Novel electrocatalyst outperforms platinum in alkaline hydrogen production
A novel ruthenium-based catalyst developed at UC Santa Cruz has shown markedly better performance than commercial platinum catalysts in alkaline water electrolysis for hydrogen production. The catalyst is a nanostructured composite material composed of carbon nanowires with ruthenium atoms bonded to nitrogen and carbon to form active sites within the carbon matrix.
The electrochemical splitting of water to produce hydrogen is a crucial step in the development of hydrogen as a clean, environmentally friendly fuel. Much of the effort to reduce the cost and increase the efficiency of this process has focused on finding alternatives to expensive platinum-based catalysts.
At UC Santa Cruz, researchers led by Shaowei Chen, professor of chemistry and biochemistry, have been investigating catalysts made by incorporating ruthenium and nitrogen into carbon-based nanocomposite materials. Their new findings, published February 7 in Nature Communications, not only demonstrate the impressive performance of their ruthenium-based catalyst but also provide insights into the mechanisms involved, which may lead to further improvements.
"This is a clear demonstration that ruthenium can have remarkable activity in catalyzing the production of hydrogen from water," Chen said. "We also characterized the material on the atomic scale, which helped us understand the mechanisms, and we can use these results for the rational design and engineering of ruthenium-based catalysts."

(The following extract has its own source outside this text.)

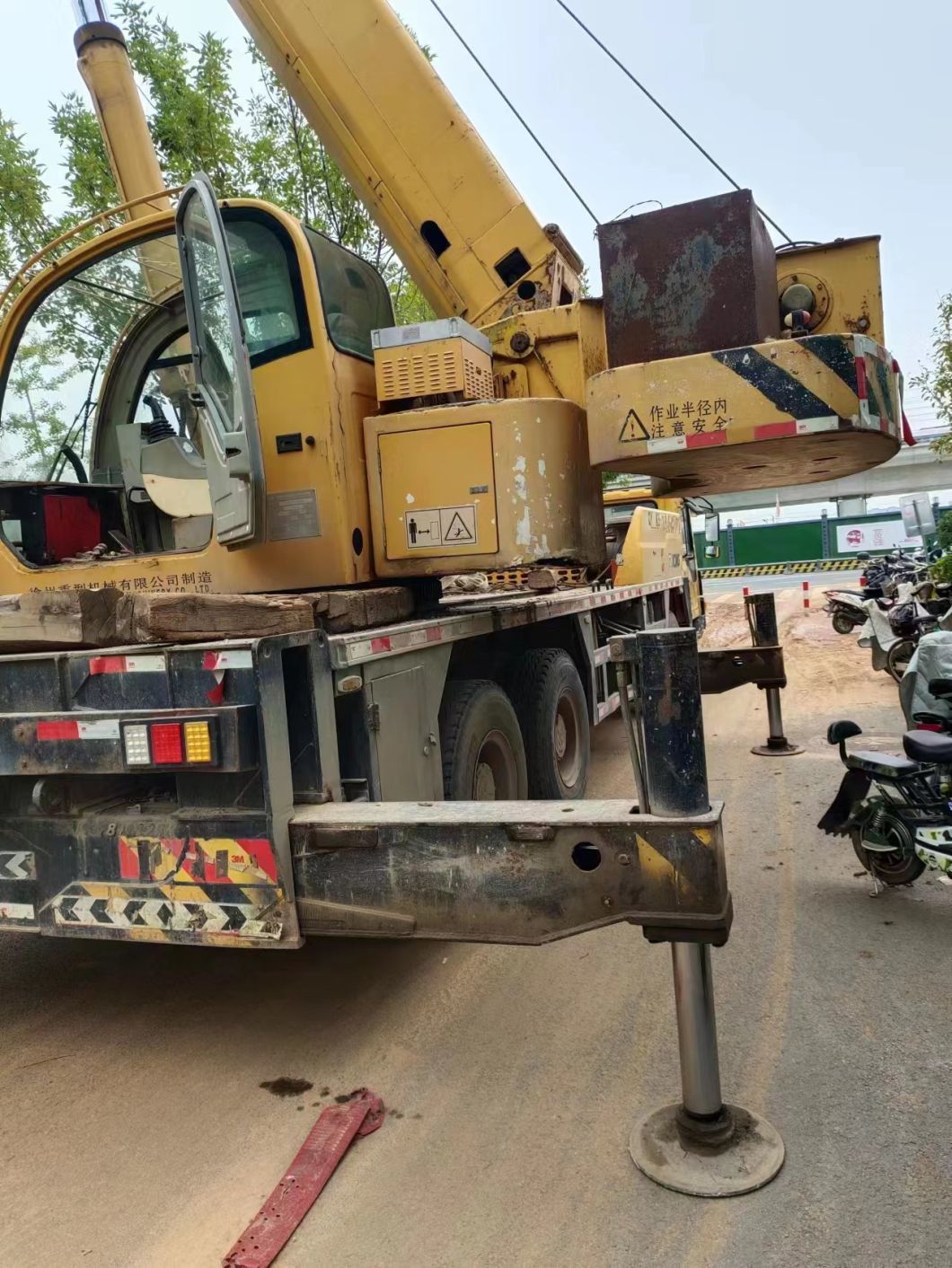 2015 Xg 25ton Mobile Crane Heavy Equipment Second-Hand Truck Crane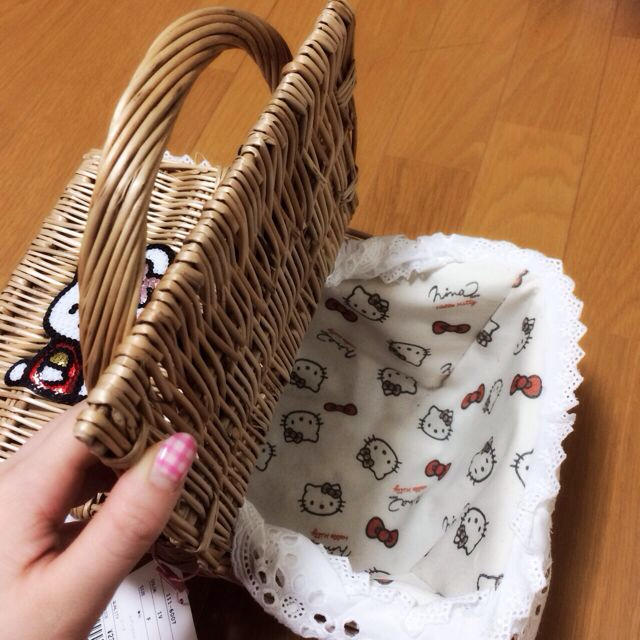 Nina mew(ニーナミュウ)のNina mew♡キティかごBag レディースのバッグ(ハンドバッグ)の商品写真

Electron microscopy and elemental mapping analysis of the material showed ruthenium nanoparticles as well as individual ruthenium atoms within the carbon matrix. Surprisingly, the researchers found that the main sites of catalytic activity were single ruthenium atoms rather than ruthenium nanoparticles.
"That was a breakthrough, because many studies have attributed the catalytic activity to ruthenium nanoparticles. We found that single atoms are the dominant active sites, although both nanoparticles and single atoms contribute to the activity," said first author Bingzhang Lu, a graduate student in Chen's lab at UC Santa Cruz.
Lu worked with coauthor Yuan Ping, assistant professor of chemistry and biochemistry, to do theoretical calculations showing why ruthenium single atoms are more active catalytic centers than ruthenium nanoparticles.
"We did independent calculations from first principles to show how ruthenium forms bonds with carbon and nitrogen in this material and how this lowers the reaction barrier to give better catalytic activity," Ping said.
Chen said he has filed a patent application for the experimental preparation of ruthenium-based catalysts. He noted that, in addition to potential applications for hydrogen production as part of sustainable energy systems, alkaline water electrolysis is already widely used in the chemical industry, as is a related process called chlor-alkali electrolysis for which the ruthenium catalyst could also be used. Thus a large market already exists for cheaper, more efficient catalysts.
The electrolysis of water to produce hydrogen can be carried out in either acidic or alkaline conditions, and each method has advantages and disadvantages. Platinum catalysts are much more effective in acidic media than they are in alkaline media. The ruthenium-based catalysts perform almost as well as platinum in acidic media, while outperforming platinum in alkaline media, Chen said.
In future work, the researchers will seek to maximize the number of active sites in the material. They may also investigate the use of other metals in the same nanocomposite platform, he said.